A son procès, Nemmouche raconte son parcours de combattant
Mehdi Nemmouche a livré ce jeudi un récit sur son parcours en Syrie, où il s'est retrouvé au sein de l'Etat islamique "sans le savoir". Il est jugé devant la cour d'assises spéciale de Paris pour avoir détenu quatre journalistes français pour le compte du groupe Etat islamique en Syrie en 2013.
A l'en croire, il n'est pas un geôlier, mais un combattant. Bavard comme jamais, Mehdi Nemmouche a livré jeudi à son procès un récit, choisi, de son passage en Syrie en 2013-2014, où il s'est retrouvé un beau matin au sein de l'Etat islamique "sans le savoir".
Ce jeudi matin, le jihadiste de 39 ans a choisi de répondre aux questions, enfin certaines, devant la cour d'assises spéciale de Paris.
"Secret défense" en réponse aux questions qui le gênent
Vêtu d'un pull blanc aux motifs nordiques, il parle à toute vitesse, dit en somme que peu importe s'il a rejoint des groupes terroristes. "Je ne le regrette absolument pas", dit-il dans un récit rempli de références historiques et géopolitiques concernant les Etats-Unis, l'Algérie ou l'Indochine. "Si vous n'avez plus d'armée, il ne vous restera que le terrorisme, parce que le terrorisme est l'arme du pauvre", lance-t-il accusant les armées occidentales de "crimes effroyables en quantité industrielle".

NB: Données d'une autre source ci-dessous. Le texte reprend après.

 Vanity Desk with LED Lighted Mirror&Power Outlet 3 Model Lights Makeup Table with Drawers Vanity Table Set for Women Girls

Le président lui demande de ralentir, "vous parlez trop vite". La raison ? "Onze ans d'isolement total", et un pli de dire tout très vite, car en prison les parloirs sont toujours trop courts, le téléphone cher. Selon le récit qu'il livre à la cour, Mehdi Nemmouche est parti en Syrie début janvier 2014, avec 8.000 euros en poche.
Pourquoi la Syrie ? Parce que c'était dans l'actualité. Mais "si la Papouasie Nouvelle-Guinée envahissait la France, je serais prêt à défendre la France". Il ignorait la réalité du terrain : "J'avais jamais guerroyé avant ça".

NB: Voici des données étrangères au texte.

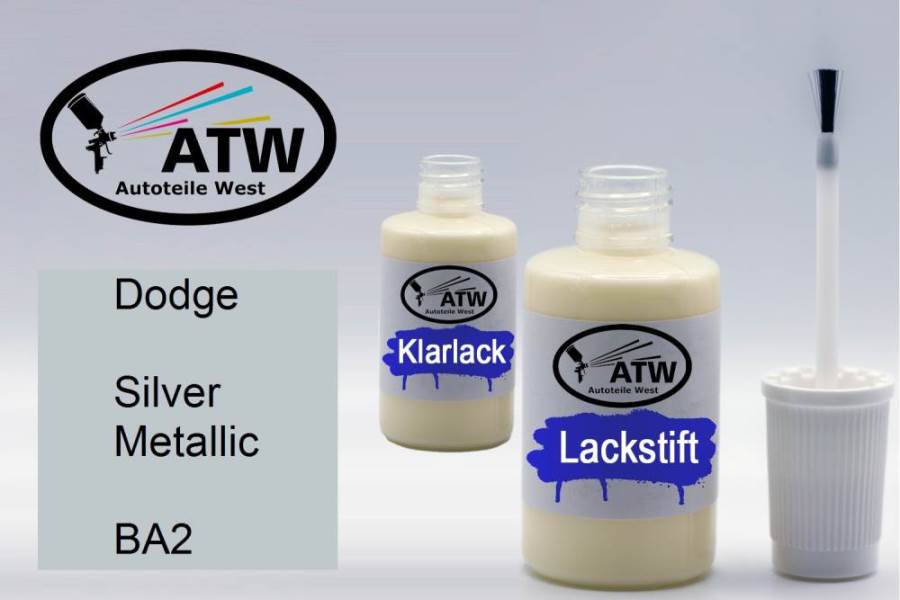 Dodge, Silver Metallic, BA2: 20ml Lackstift + 20ml Klarlack - Set, von ATW Autoteile West.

A-t-il combattu ? Oui, "quand vous êtes un jeune homme de moins de 30 ans, vous n'allez pas distribuer des boîtes de conserve". Il déroule son récit, répond fréquemment régulièrement "secret défense" quand les questions le gênent.
"Ce qui se passe à Vegas reste à Vegas"
En avril 2013, le Jabat Al-Nosra, qu'il avait rejoint, connaît une scission. "C'est là que j'ai découvert que j'étais dans l'Etat islamique sans le savoir", assure Mehdi Nemmouche. "J'ai jamais changé d'activité", pas toujours dans la même unité mais "je dirai pas le nom". "Secret défense", encore une fois.

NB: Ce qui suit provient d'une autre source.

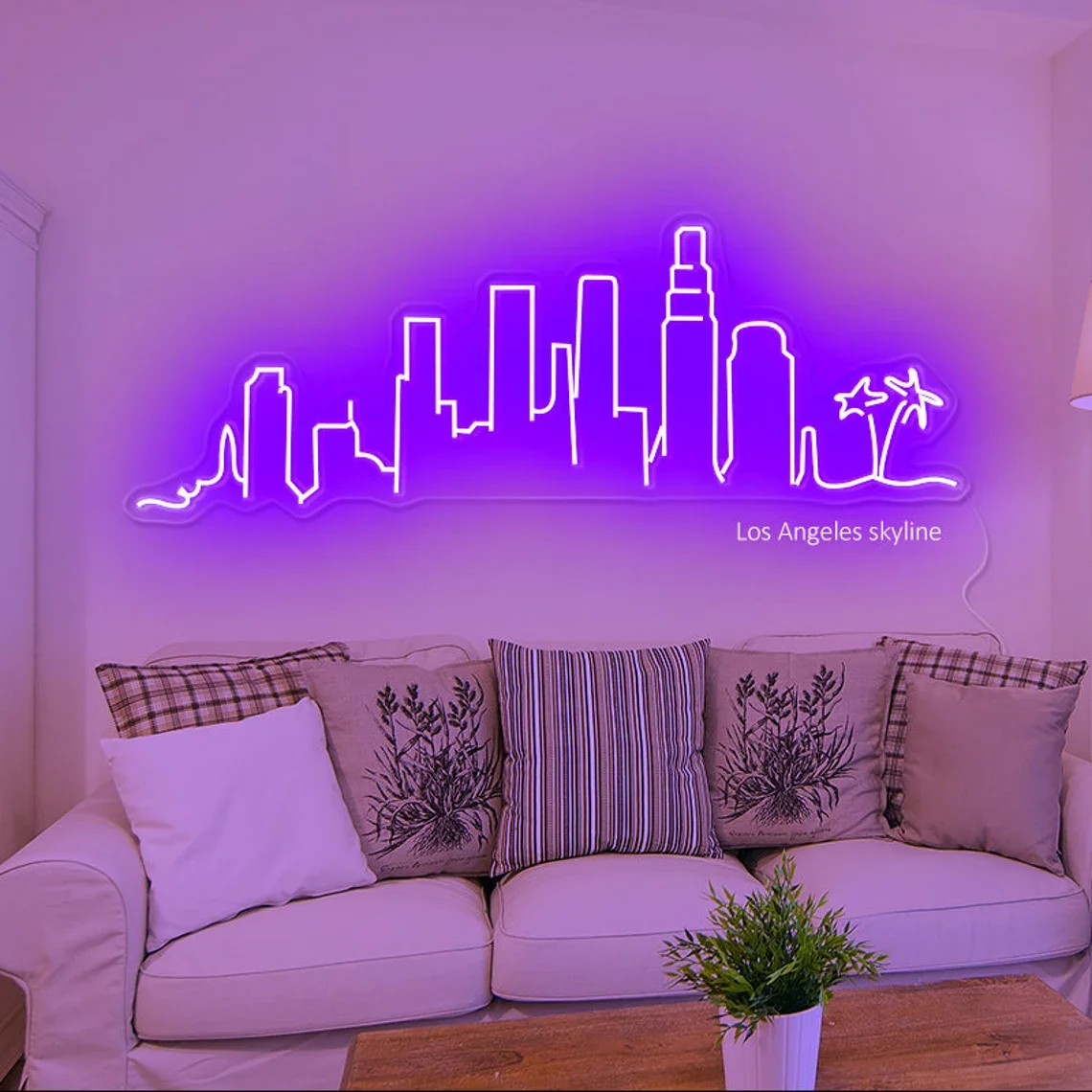 Los Angeles Skyline Neon Sign Custom City Skyline Led Home Decor Skyline Neon Light Gift Office Decor Wall Art Neon Sign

Le président tente la flatterie : "Si vous faites la guerre pendant un an, c'est que vous êtes un bon soldat", pour essayer d'en savoir plus, s'il a pu rejoindre des groupes plus spécialisés.
Mehdi Nemmouche raconte avoir été blessé par balle au genou en janvier 2014, puis son départ en passant par la Turquie pour aller en Malaisie, avant un voyage en Asie du Sud-Est. Sur un mot découvert dans sa cellule en 2016, il évoquera "une overdose de sexe". La cour n'en saura pas plus : "Ce qui se passe à Vegas reste à Vegas".
Confronté aux éléments du dossier, comme celui d'Alexanda Kotey, l'un des "Beatles" de l'EI, ainsi surnommés à cause de leur accent britannique, Mehdi Nemmouche conteste, bien qu'il soit reconnu sur photo. "Qu'il vienne s'expliquer, je lui dirai face à face que je ne le connais pas", lance-t-il. "On lui a proposé un paquet de biscuits, une canette de coca, il dit amen", accuse Mehdi Nemmouche. Alexanda Kotey a été entendu en tant que témoin aux Etats-Unis, où il a été condamné à la prison à vie.
L'accusé balaie d'un revers de main : "Une pluralité d'insuffisances ne fait pas une suffisance". Quant à sa position sur l'attentat du musée juif de Bruxelles de mai 2014, pour lequel il a été condamné en Belgique à la réclusion criminelle à perpétuité pour quatre assassinats terroristes, il répond encore "secret défense". "Il y a une vérité judiciaire", dit-il, "il va falloir s'en contenter".